Ja, Ja der Stefan ist schon ein guter............


----------



## MTB-News.de




----------



## BeRadfAZ (15. April 2008)

Salve
Will nicht extra ein neues Thema eröffnen, habe auch nur zwei Fragen:
Wird das Faunus TT 28 nicht mehr gebaut ? Werden auch Kleinteile wie z.B. die Lenkerhörnchen nicht mehr hergestellt ? Auf der Website ist nichts mehr zu finden.
Nun denn, Gruß Frank


----------



## RK @ BERGWERK (16. April 2008)

Hallo und guten Morgen,

das Faunus TT28 haben wir aus unserer Produktion gestrichen.
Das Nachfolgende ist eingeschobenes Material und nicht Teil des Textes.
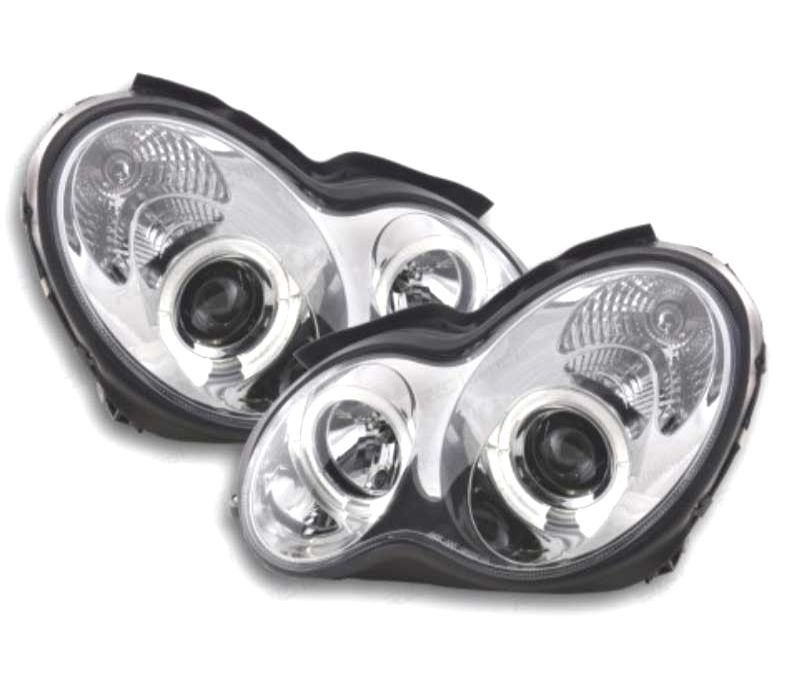 FARÓIS ANGEL EYES CCFL MERCEDES C W203 00-07 FUNDO CROMADO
Ebenso die Lenkerhörnchen. 
Solltest Du Interesse an einem TT oder an den Hörnchen haben, es gibt noch Restbestände.....


----------



## BeRadfAZ (16. April 2008)

Schade um das Faunus. Es ist ein sehr schöner und qualitativ hochwertiger Rahmen. Na, da wird  die Auswahl an brauchbaren 28 " Fullys immer überschaubarer. Fahre seit ca. 2,5 Jahren ein TT 28 und brauche daher keinen neuen Rahmen, der alte hält, trotz meiner Neigung zu Stürzen. Aber die Lenkerhörnchen sind, der Stürze wegen, bei mir Verschleißteile, da kann Vorratshaltung nicht schaden. Einfach an Bergwerk mailen, so wie früher an Herrn Zebisch ?
Gruß Frank


----------



## RK @ BERGWERK (16. April 2008)

BeRadfAZ schrieb:


> ........ Aber die Lenkerhörnchen sind, der Stürze wegen, bei mir Verschleißteile, da kann Vorratshaltung nicht schaden. Einfach an Bergwerk mailen, so wie früher an Herrn Zebisch ?
> Gruß Frank



ja


----------